## What is needed
Find the line with "J.O.A striped silky" and the line with "GORGULU PASTANELERİ FANTAZİ" in the entries below; output exactly those two lines, every line between them, and no others.

Data extracted from a collection
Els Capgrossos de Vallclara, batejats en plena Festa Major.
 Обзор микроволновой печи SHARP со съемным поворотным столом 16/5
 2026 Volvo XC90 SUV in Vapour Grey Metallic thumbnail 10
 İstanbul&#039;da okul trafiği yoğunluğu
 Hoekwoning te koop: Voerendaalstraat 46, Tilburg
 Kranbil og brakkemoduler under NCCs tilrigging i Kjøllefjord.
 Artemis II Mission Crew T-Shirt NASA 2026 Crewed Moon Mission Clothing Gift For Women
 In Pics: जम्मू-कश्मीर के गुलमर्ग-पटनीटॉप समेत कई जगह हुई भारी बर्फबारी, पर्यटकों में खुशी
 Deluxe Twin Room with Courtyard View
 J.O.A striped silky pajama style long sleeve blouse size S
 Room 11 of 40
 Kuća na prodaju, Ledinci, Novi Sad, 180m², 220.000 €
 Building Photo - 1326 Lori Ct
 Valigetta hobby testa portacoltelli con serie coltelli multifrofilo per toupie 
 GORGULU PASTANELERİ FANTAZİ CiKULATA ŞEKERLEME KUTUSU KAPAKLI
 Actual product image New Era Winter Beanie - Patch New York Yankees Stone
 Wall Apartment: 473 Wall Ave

## Finished exercise
 J.O.A striped silky pajama style long sleeve blouse size S
 Room 11 of 40
 Kuća na prodaju, Ledinci, Novi Sad, 180m², 220.000 €
 Building Photo - 1326 Lori Ct
 Valigetta hobby testa portacoltelli con serie coltelli multifrofilo per toupie 
 GORGULU PASTANELERİ FANTAZİ CiKULATA ŞEKERLEME KUTUSU KAPAKLI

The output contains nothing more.